The combination paid off for David Lim and Fitri Ardani on Thursday, March 26, when Gov. Chris Gregoire placed medals around their necks, signifying membership on the 2009 All-Washington Academic Team. The ceremony for the two Shoreline students and 60 others from every community and technical college in the state took place at South Puget Sound Community College in Olympia. Joining Lim and Ardani on stage to honor their academic achievement was SCC President Lee Lambert.
Lim knew while still in high school in Kuala Lumpur that his path would lead to an education in the United States. With a relative in the area, Seattle was the obvious choice and Shoreline the ultimate destination.
“My father and I made the decision together,” said 17-year-old. Among his friends in Malaysia, going to school in the U.S. wasn’t a huge leap. “I have friends going to school in California and Minnesota.”
At Shoreline, Lim has a 3.99 grade-point average (GPA), is an International Program Peer Mentor, a member of the political science and economics club and helped his DECA team to third place in a national competition. Lim will finish his degree at Shoreline after summer quarter and hopes to move on to a four-year school for a degree international business and accounting. “I’ve applied to the University of Washington, the University of Indiana, both the Bloomington and Indianapolis campuses,” Lim said.
Ardani, 18, came to Shoreline from one of the smaller cities on the island of Java. She, too, doesn’t see her efforts to come to the U.S. as extraordinary, just the outgrowth of her own drive and goals. Her work at SCC has resulted in a 3.79 GPA and is aiming at a degree in accounting. Ardani is also looking at the University of Washington and University of Indiana. She is also considering Seattle University. While at Shoreline, Ardani is also focusing on English language skills and volunteers as an ESL tutor.
The Olympia ceremony was the 14th year for community and technical college students to be recognized for their academic achievements and community involvement.
Besides handing out the medals, Gregoire was also the keynote speaker.
“There’s no better community and technical college system than right here in Washington State,” she said. “I’m proud of that and I’m so proud of all of you. I’m delighted to be with you today to celebrate your success.”
This year’s academic team was made up of 62 students representing 33 community and technical colleges.
The top award - the 2009 New Century Scholar - went to 17-year-old Running Start student Tierney Kuhn of Highline Community College.

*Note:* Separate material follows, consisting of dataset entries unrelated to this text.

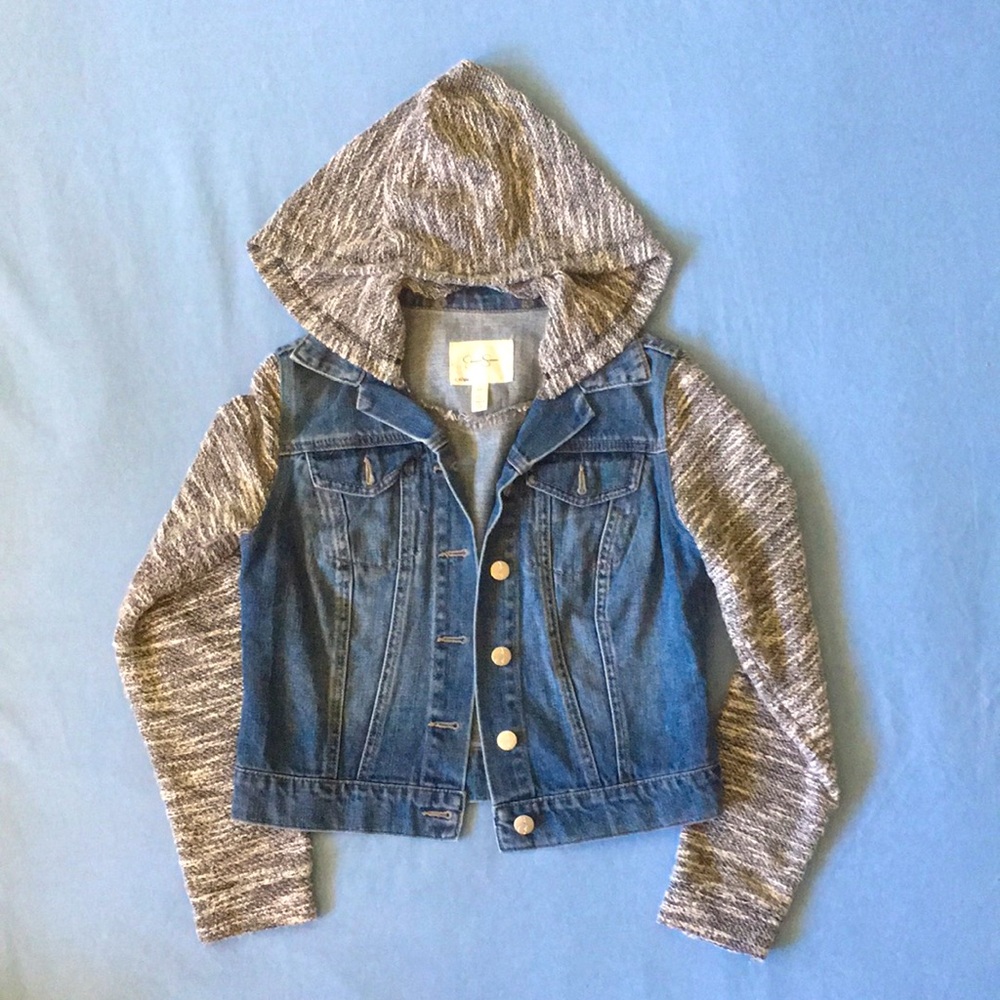 Jessica Simpson Two-Tone Denim Jacket with Sweater Sleeves XS Removable Hood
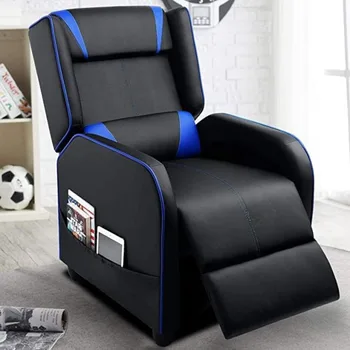 Image Gaming Recliner Chair Racing Style Single PU Leather Sofa Modern Living Room Recliner Ergonomic Comfortable Home Theater Seating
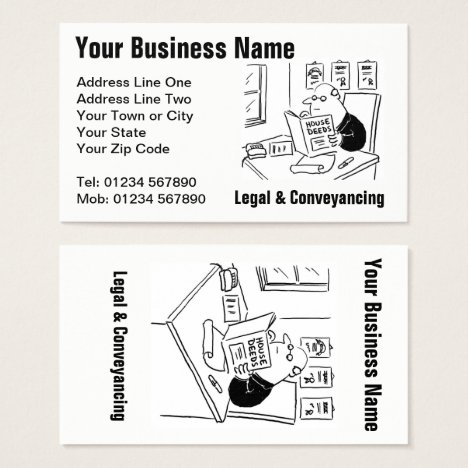 Legal &amp; Conveyancing Cartoon Business Card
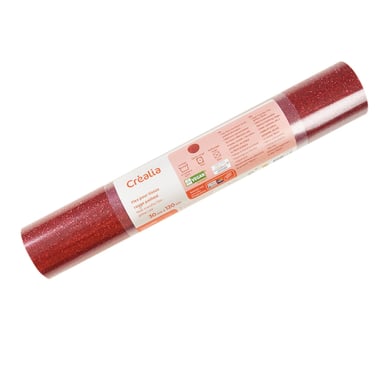 Flex thermo pour tissu - Créalia - rouge pailleté - 30 x 120 cm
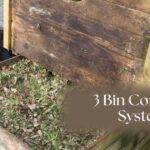 3 bin compost system and hands holding compost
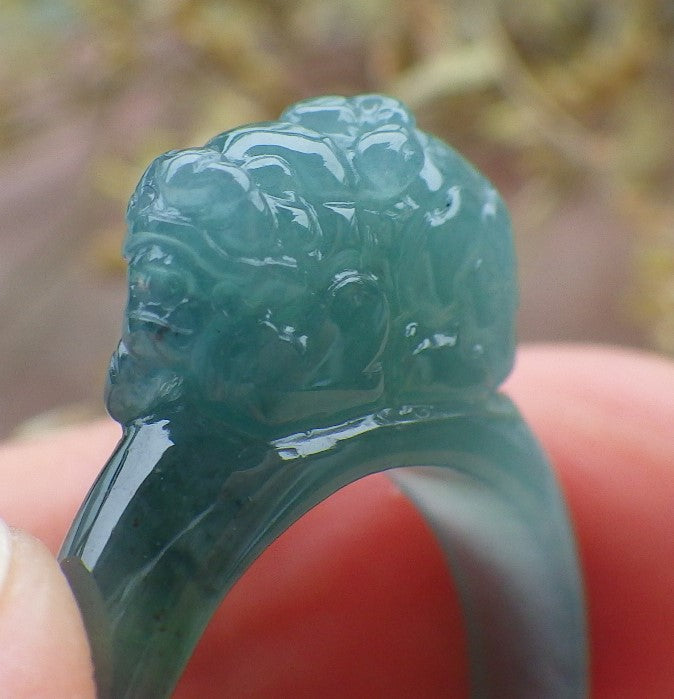 Certified Icy Green Burma 100% Natural A JADE Jadeite Dragon Pi Xiu RING USA. 8.25 戒指 649577 TN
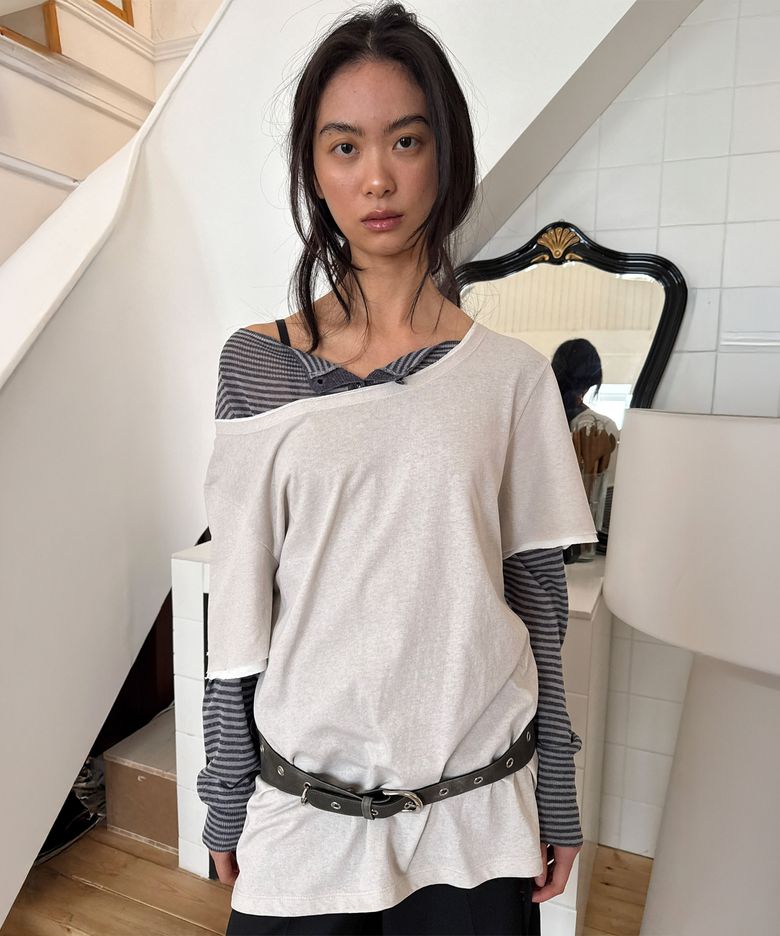 CUTTING LAYERED TEE (beige)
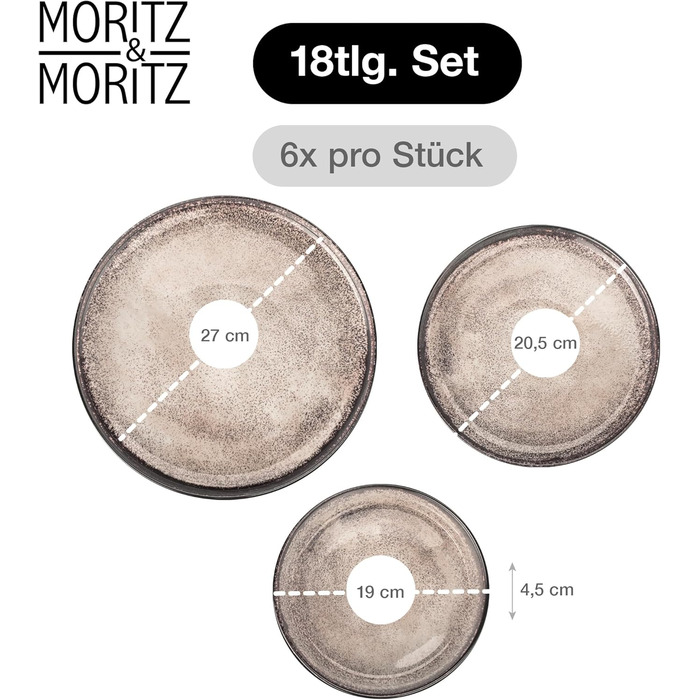 Набір посуду Moritz & Moritz VIDA Beige 18 предметів - Сучасний сервіз з порцеляни, стійкий до подряпин, для мікрохвильової печі та посудомийної машини, 6 персон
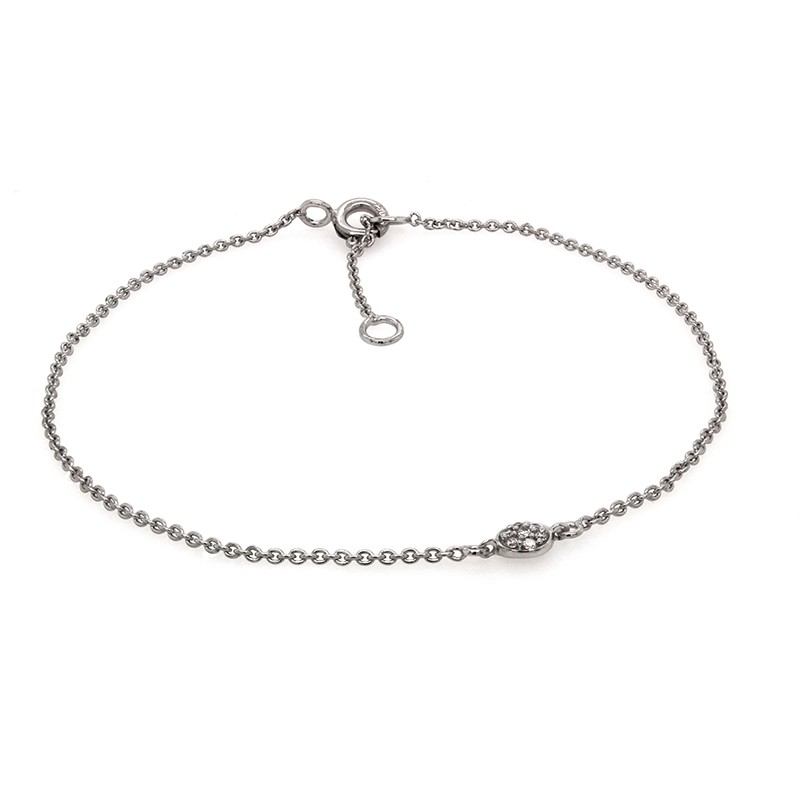 Bracelet Femme Carador pastille diamants 0,03 cts et or blanc 750/000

Kuhn is a computer science major with a 3.9 GPA. She is pursuing both Associate of Arts and Associate of Science degrees at the same time. She is co-president of Highline’s Phi Theta Kappa chapter and president of the Software Engineering Club. She is also active in many activities at her high school, including Future Business Leaders of America (FBLA). In the fall, she will continue her education at Princeton University.
Gregoire said while she was delighted that Kuhn was transferring to Princeton, she hoped she was planning to return to Washington. “Please come back,” she said. “Washington needs you.”

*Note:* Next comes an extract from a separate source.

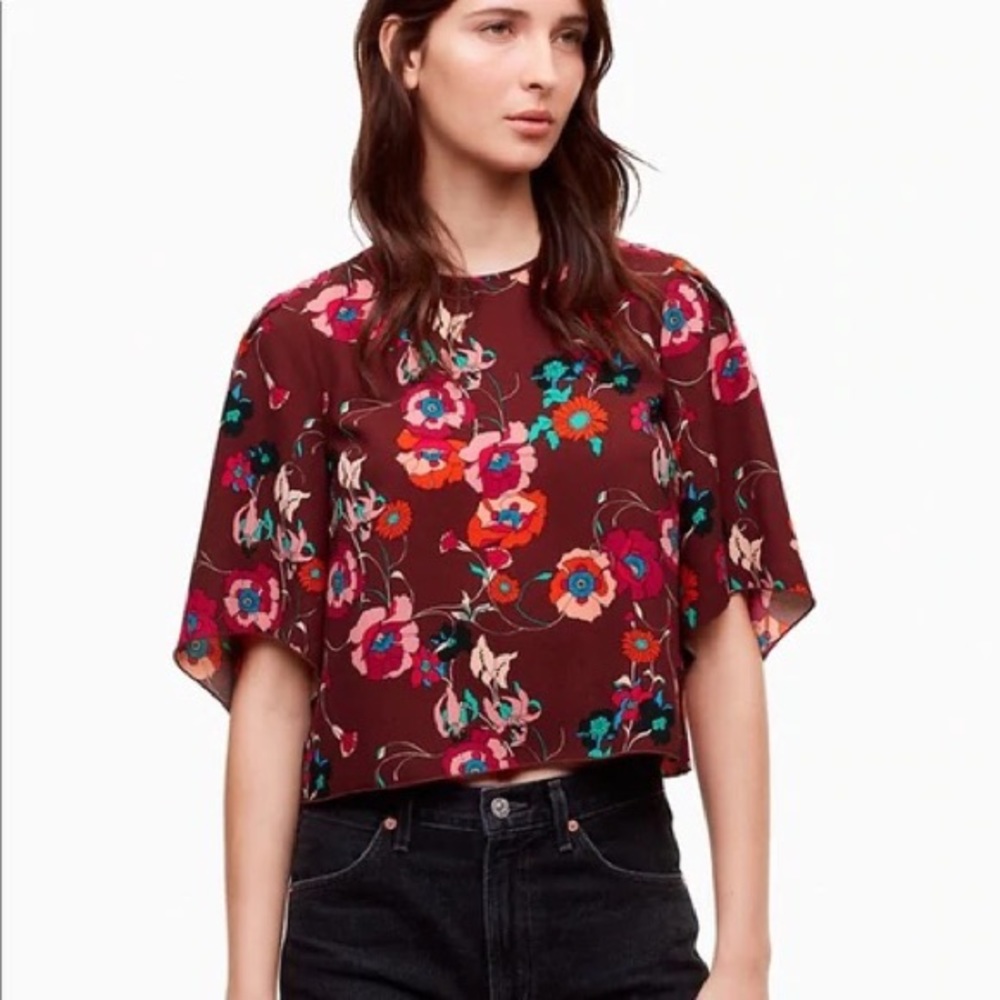 Aritzia | Wilfred | Cambrai Floral Blouse — Burgundy/Fuchsia/Turquoise | Small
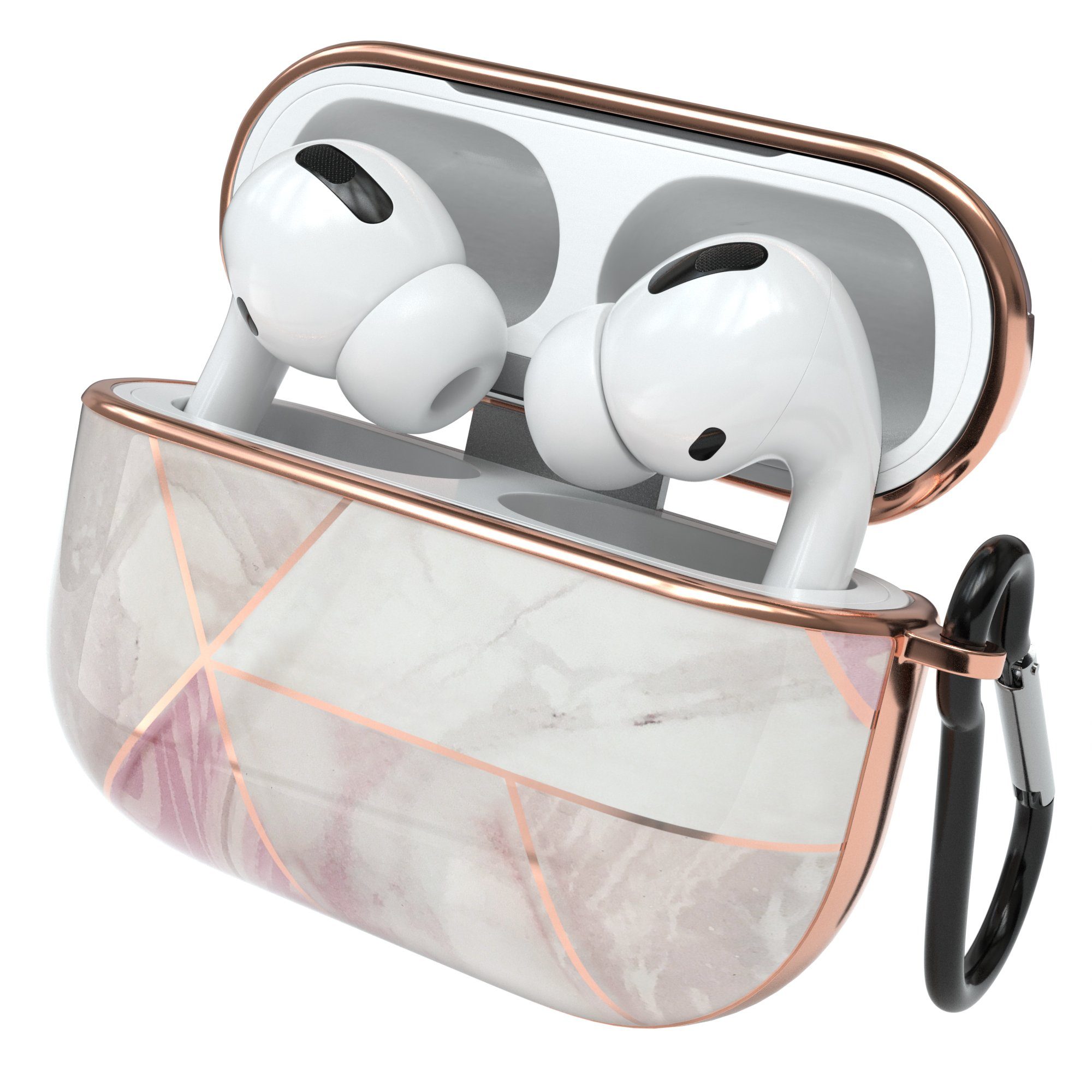 EAZY CASE Kopfhörer-Schutzhülle IMD Motiv Case kompatibel mit Apple AirPods Pro, Hardcover Stoßfest Fullcover Bumper mit Handschlaufe Rosa / Roségold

Douglas Gannon, 45, of Green River Community College was the second-ranked team member. After more than 16 years in the Air Force, Gannon came to Green River through the Veteran’s Conservation Corps program, which aids military veterans in their pursuit of “green collar” jobs. Focusing on Geographic Information Systems and Natural Resources, he earned more than 70 credits in his first year, while maintaining a 3.8 GPA. Outside the classroom, he spends another 20 hours a month working on conservation and habitat service projects throughout the Northwest.

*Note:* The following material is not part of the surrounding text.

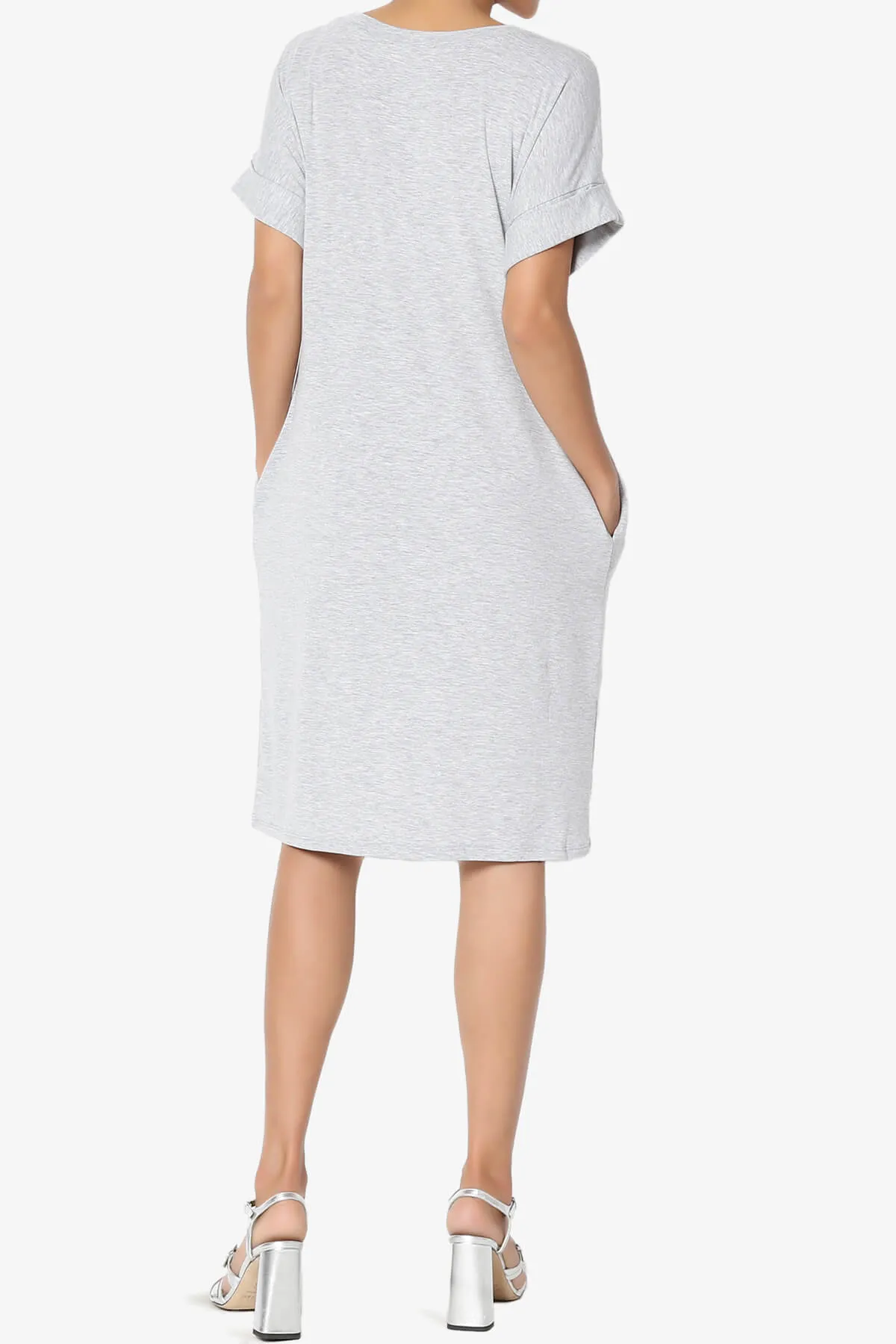 Cliff Rolled Short Sleeve V-Neck Dress PLUS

Gregoire thanked Gannon for his service and for pursuing his degrees, adding, “Green collar jobs are our future.”
The third highest honor went to Theresa Burch, 39, of Spokane Falls Community College. Married with three young children, Burch worked 14 years at a local plywood mill before returning to school to pursue her goal of becoming an elementary school teacher. She maintains a 3.93 GPA.
Gregoire commended her for her hard work and also congratulated team member Amanda Suter, a Running Start student and mechanical engineering major from Lower Columbia College.
“If there is more we need in Washington, it is people like Amanda,” the Governor said, explaining Washington needs more young people pursuing engineering degrees.
All Academic Team members receive a $750 scholarship from the Northwest Education Loan Association and KeyBank of Washington. In addition, every state public and private four-year baccalaureate institution and City University are offering scholarships to attend their institutions.